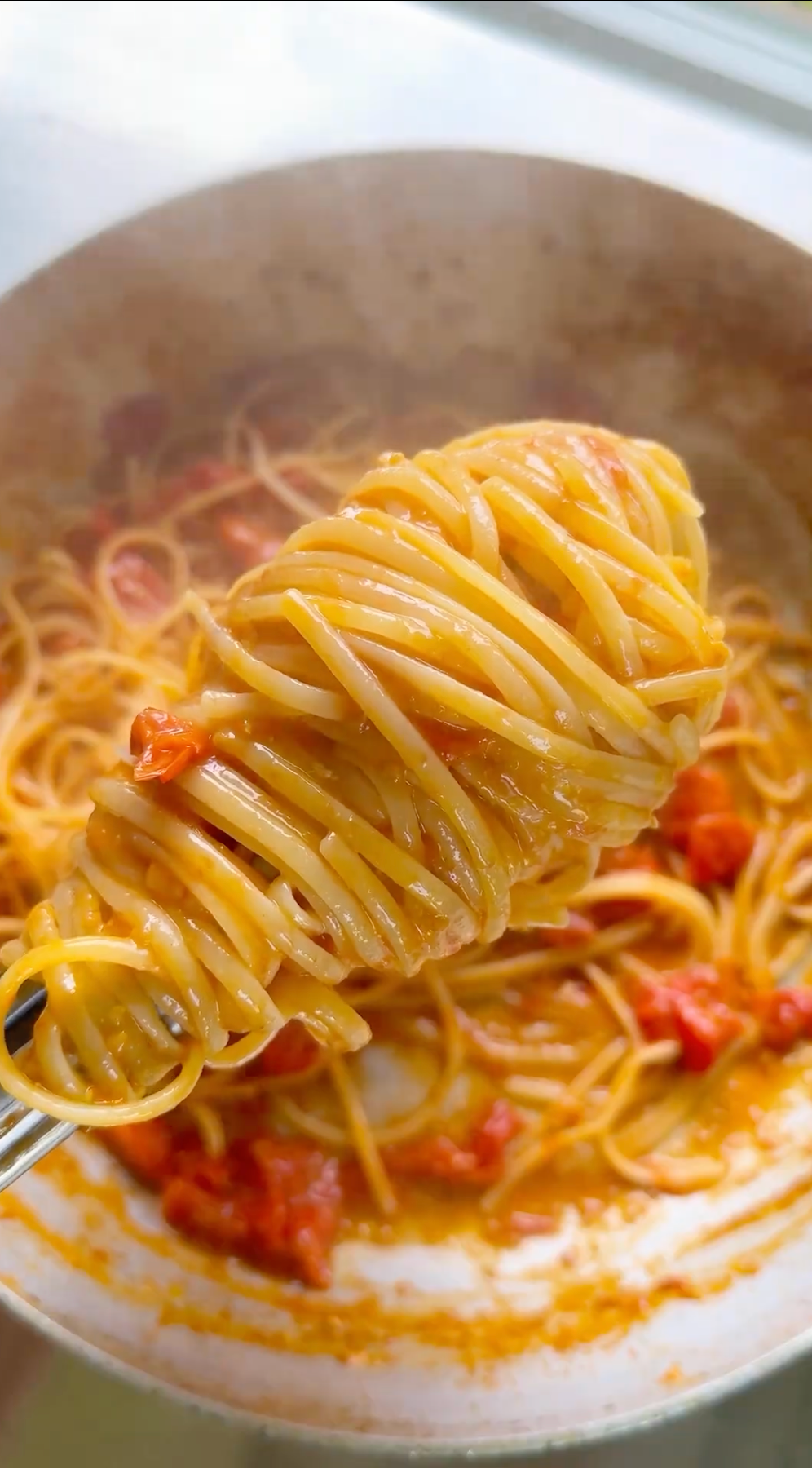 A fork lifts a swirl of spaghetti coated in tomato sauce above a pan filled with more spaghetti and chunks of tomato.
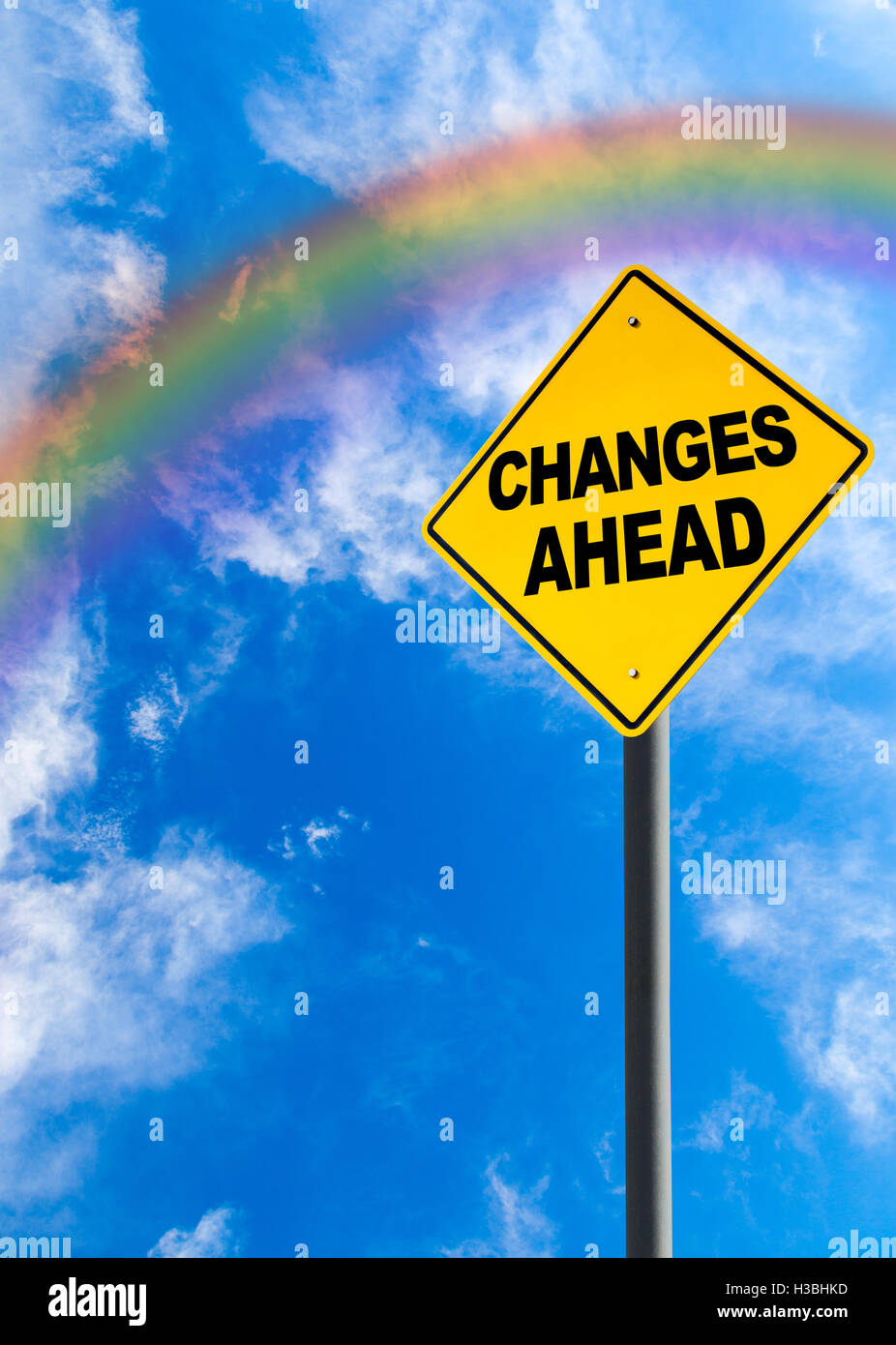 Changes Ahead sign against a blue sky with rainbow and copy space. Concept of situation changing for the better. Vertical orient Stock Photo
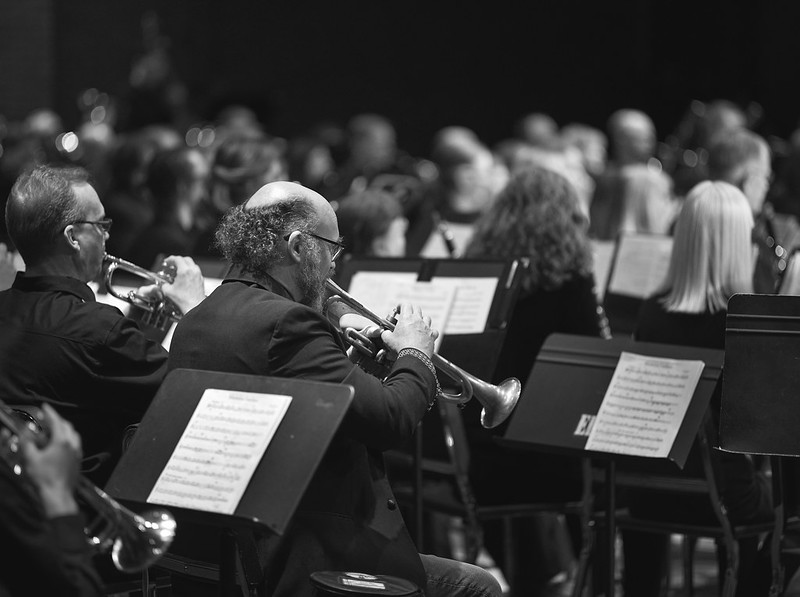 A black and white image of the ensemble playing a concert. Two male trumpet players are featured in the middle left partially looking away from the camera.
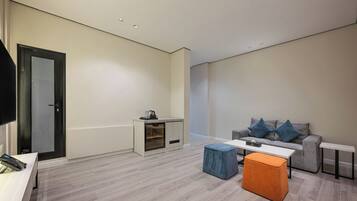 A modern living room with a sofa, ottoman, coffee table, and a small cabinet.
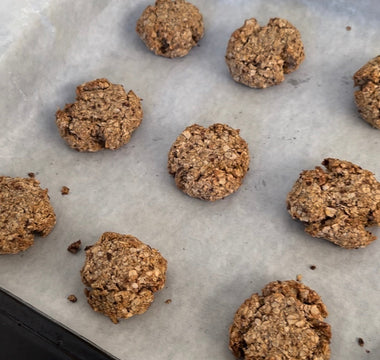 Freshly baked oatmeal cookies on parchment paper, perfect for mess-free snacking with CATCHY.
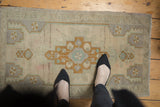 Distressed vintage Oushak rug showcasing stepped medallion, geometric patterns, and even worn pile.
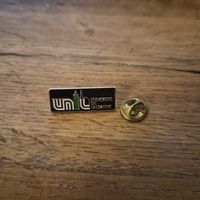 Pin’s Université de Lausanne UNIL – émail noir/doré 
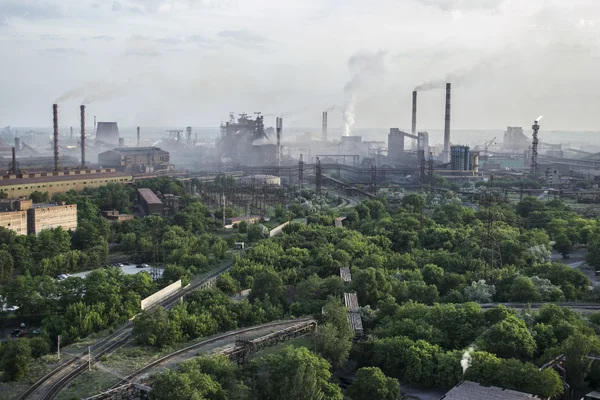 Industrial landscape in Ukraine. Steel factory with smog at sunset. Pipes with smoke. Metallurgical plant. steelworks, iron works. Heavy industry. Ecology problems, atmospheric pollutants.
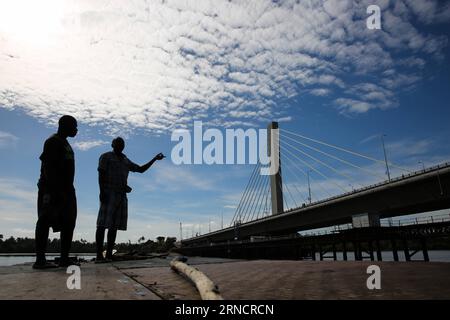 (160419) -- DAR ES SALAAM, le 19 avril 2016 -- deux bateliers regardent le pont Kigamboni Dar es Salaam, Tanzanie, le 19 avril 2016. Le nouveau pont de 135 millions de dollars américains reliant Kigamboni et Kurasini dans la capitale commerciale de l Afrique de l est, Dar es Salaam, a laissé une marque indélébile aux ingénieurs locaux. Le projet entrepris par China Railway Construction Engineering Group (CRCEG) dans le cadre d’une coentreprise avec China Railway Major Bridge Group (CRMBG) a été officiellement inauguré mardi par le président John Magufuli. Le pont de 32 mètres de large comporte six voies, trois dans chaque direction, et deux ped Banque D'Images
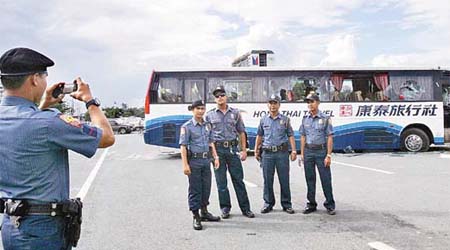 在屠殺慘劇發生翌日，五名菲國警察以康泰旅巴為背景相互拍照。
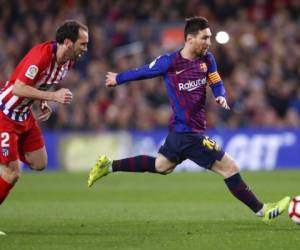 El delantero del Barcelona Lionel Messi (derecha) se desmarca del zaguero Diego Godín del Atlético de Madrid en un partido de la Liga española en el estadio Camp Nou. (Foto: AP)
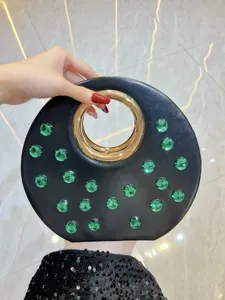 Gros plan détail du sac de soirée rond noir avec poignée anneau doré et cristaux verts.
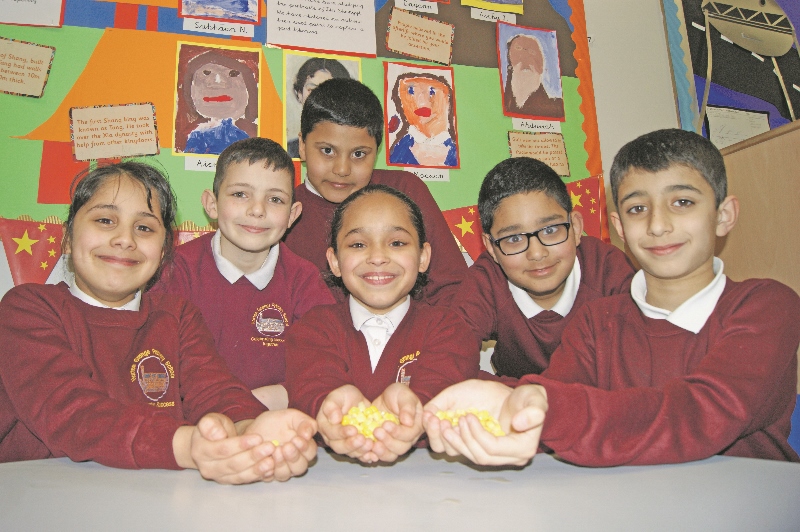 SWEET: Children from Year 4 smile with their flavoursome cup corn, Year 4 pupils pictured include: Owais Bostani, Liyla Khan, Ghazalah Darbok, Zaian Khan, Mustapha Khan and Zaian Wilkinson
####################
**TASK BRIEF**: In the answer, give only the lines from the one containing "Gros plan détail" through the end of the records above, each reproduced exactly. Include no pictures.

**SOLUTION TO THE EXERCISE**:
 Gros plan détail du sac de soirée rond noir avec poignée anneau doré et cristaux verts.
 SWEET: Children from Year 4 smile with their flavoursome cup corn, Year 4 pupils pictured include: Owais Bostani, Liyla Khan, Ghazalah Darbok, Zaian Khan, Mustapha Khan and Zaian Wilkinson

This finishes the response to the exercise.